I can’t do it for 2007, will likely not be able for 2008 as well. I’d known I’d be in phase-out range this year even with my max 401K contribution, but selling some of my ESPP stock (way too many eggs in one basket, still is, but this was as much as I could sell and still hope to avoid AMT) brought me considerably over. Current plan is to sell a bit next year or so in some good moment (hopefully).
I am still debating if I can trust the government not to change plans to eliminate income limit on conversions in 2010. If I decide to trust them, I’d put money in a regular IRA and convert.
Yes, I know lots of people would like to have this problem. But I regret not contributing in the past when I was earning less – I only learned about Roth IRA a few years ago. So do contribute while you can. Incidentally, I don’t drink latte — in addition to being a waste of money, it is really really fattening. I also bring my own lunch to work – I can cook better than they do, and microwaves is a great invention.
Good tips and info.
Did you notice at least 3 of your suggestions (brown bag, skip lattes, drink tap), maybe/almost 4 (buy generic) are about what we put in our mouths? You can drink/eat yourself into debt.
I’m not a Starbucks fan (love Dunkin), but I’m in the coffee club at work!
Thanks, and happy new year!
That’s a good way to think of it…I’m trying to figure out how often to move money into my Roth, an how often to make Roth purchases. I suppose that my current rate of once a month isn’t completely taking advantage of dollar cost averaging, plus I am not putting enough in to max out my Roth, so I’d need to up my contributions. But would it be a good idea to actually purchase every day?
Stephanie! NO! Do NOT purchase stocks or mutual funds every day!!! This will drive up transaction costs!!! Once a month is more than enough… or even once a quarter…
Me? I fully-fund my accounts, all at once, and make one purchase, per year…

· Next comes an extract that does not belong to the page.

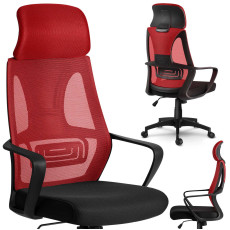 Офисный стул с микросеткой Прага - красный/черный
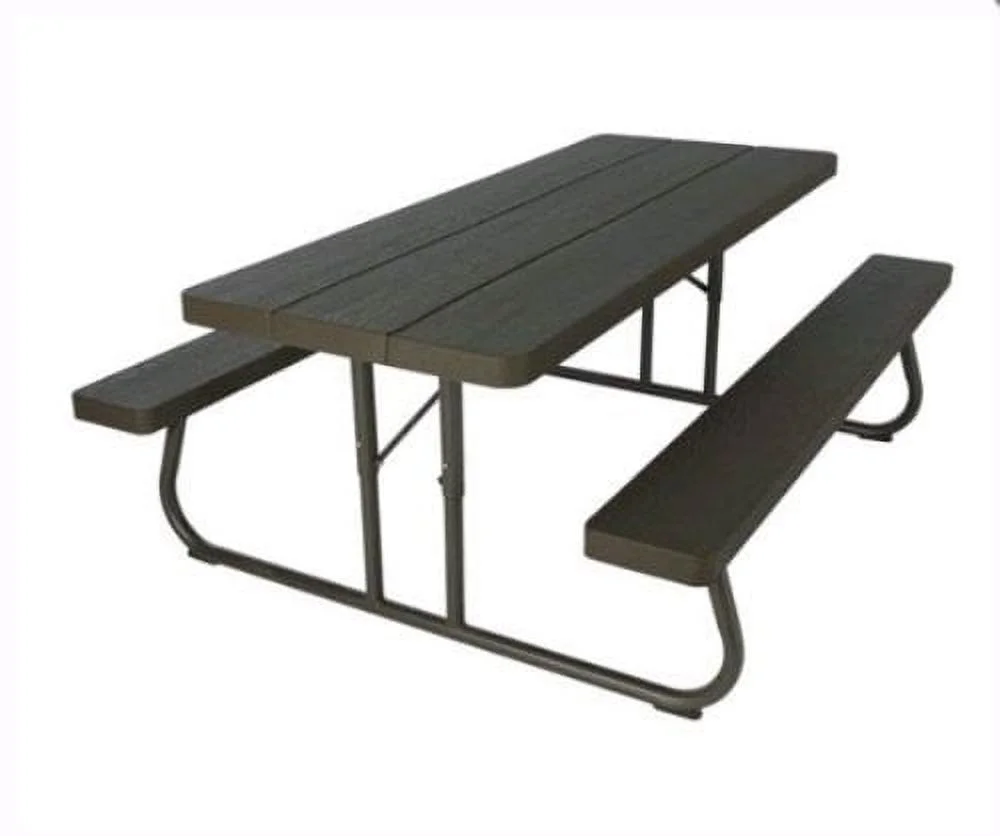 Lifetime 60112 Commercial Grade 6' Picnic Table ~ Faux Wood Color Seats 8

While not purchasing any positions daily is good advice, do you think that setting up a daily transfer to your IRA would be wise? Not buying things is one step, but at the end of the week, many of us (me, anyway) notice, “Hey, I’ve got an extra $50 and I need a new this or that, I’ll fund my Roth later”. Something to think about.

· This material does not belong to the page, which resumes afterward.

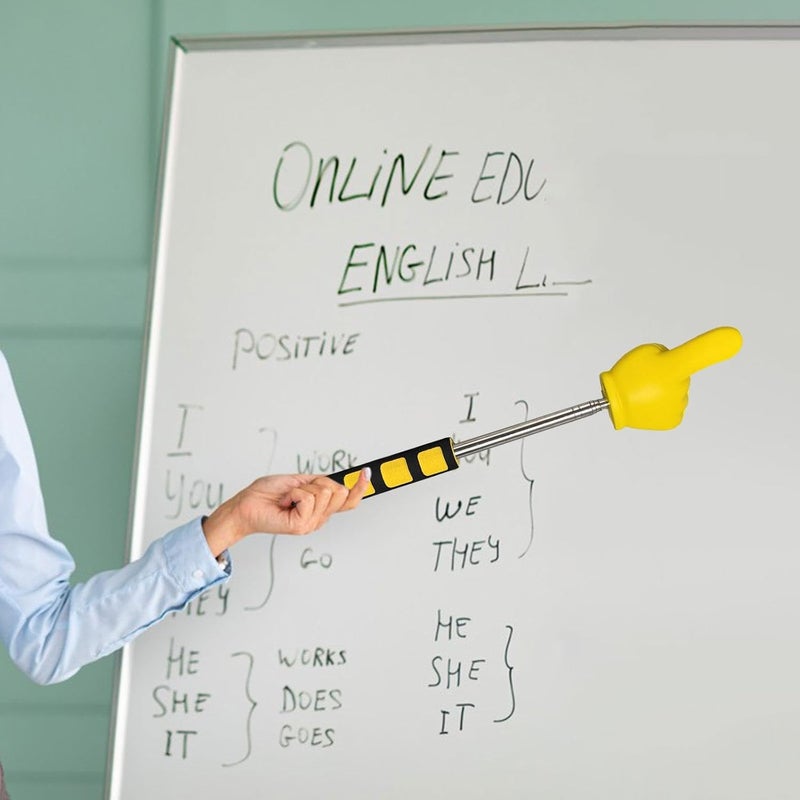 Telescopic Teachers Pointer Stick Hand Whiteboard Pointer Presentation Pointer Finger Pointer Stick for Office School, Yellow - Image 3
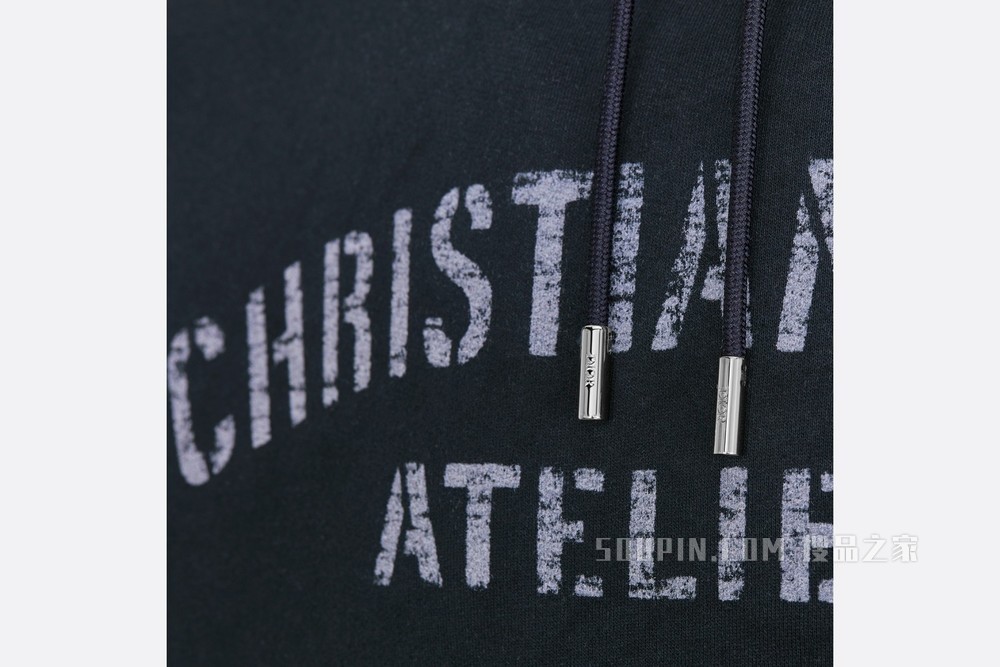 超大版型连帽运动衫 海军蓝色棉质起绒布“Christian Dior Atelier”标志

NCN, when you say that this will drive up transaction costs, what do you mean? I don’t think it costs me anything to buy more of the mutual funds I’m investing in within my Roth IRA. I agree with “Two Nickels”, I would want to maybe move money into my default account relatively often (which earns a decent percent as a money market).

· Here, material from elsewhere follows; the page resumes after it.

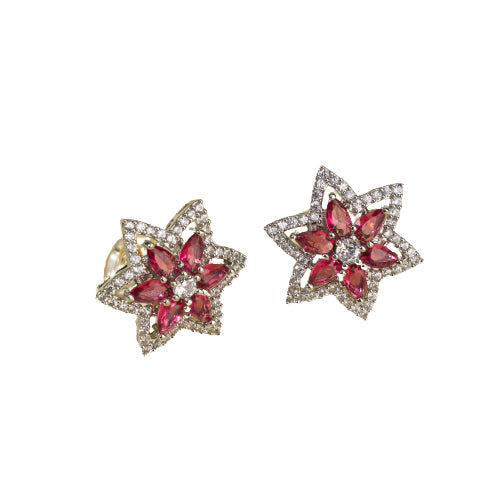 Trendy star-shaped pink zircon studs bring a modern, playful sparkle to your look.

And when is a good time to make the purchases? I have a feeling that a lot of mutual funds get bought on the 1st or the 15th of every month or something.
I just keep coming back to this post because it’s amazing! I honestly did not think about savings in this way, which is retrospect is both stupid and bizarre, because I have been thinking about budgeting in this way all along.
You know, with the increase in the contribution limit, a 16-year-old could put $5k in each year for the next four years, and have over $1 million dollars at the age of 59 if he never invested another dime? It is crazy! I outlined it here at, Hey Kid! Do You Want One Million Dollars?.
DON’T invest more frequently. Dollar cost averaging statistically is much less effective than investing a lump sum and you don’t want to pay your broker all of those transaction fees! You will definitely lose money that way.